(Records provided begins)

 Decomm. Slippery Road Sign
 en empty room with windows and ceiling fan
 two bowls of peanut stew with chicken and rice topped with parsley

(Records provided ends)
(Records provided begins)

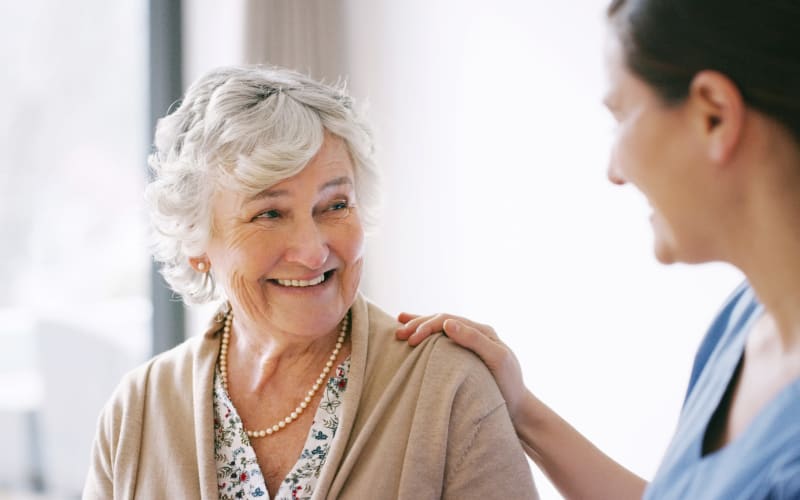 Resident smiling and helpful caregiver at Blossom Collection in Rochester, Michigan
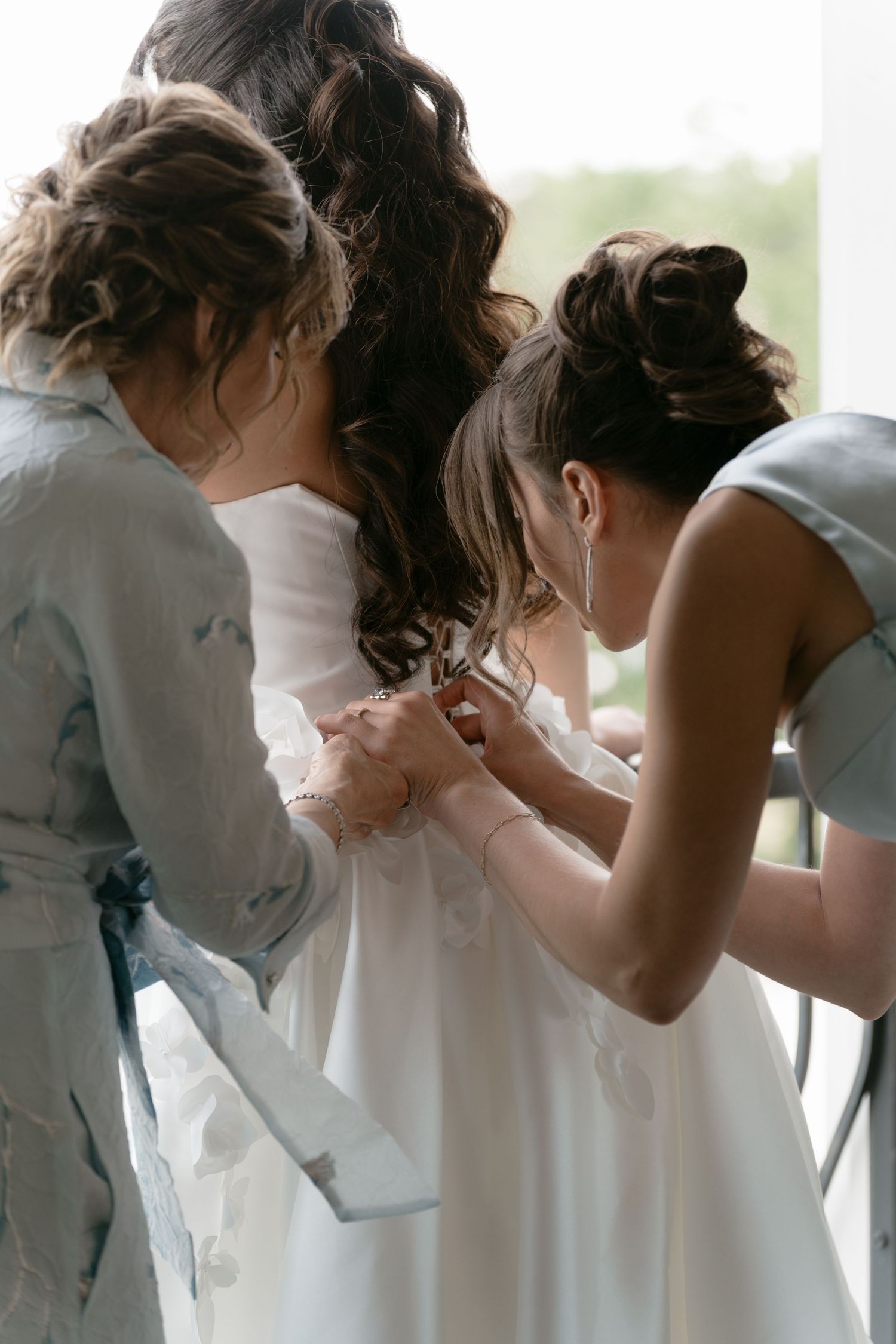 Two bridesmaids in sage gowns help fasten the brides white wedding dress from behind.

(Records provided ends)

- **Exercise brief**
Would you quote everything above from the line containing "en empty room with windows and ceiling fan" down to the line containing "two bowls of"? Include both of those lines and nothing else.

- **Written response**
 en empty room with windows and ceiling fan
 two bowls of peanut stew with chicken and rice topped with parsley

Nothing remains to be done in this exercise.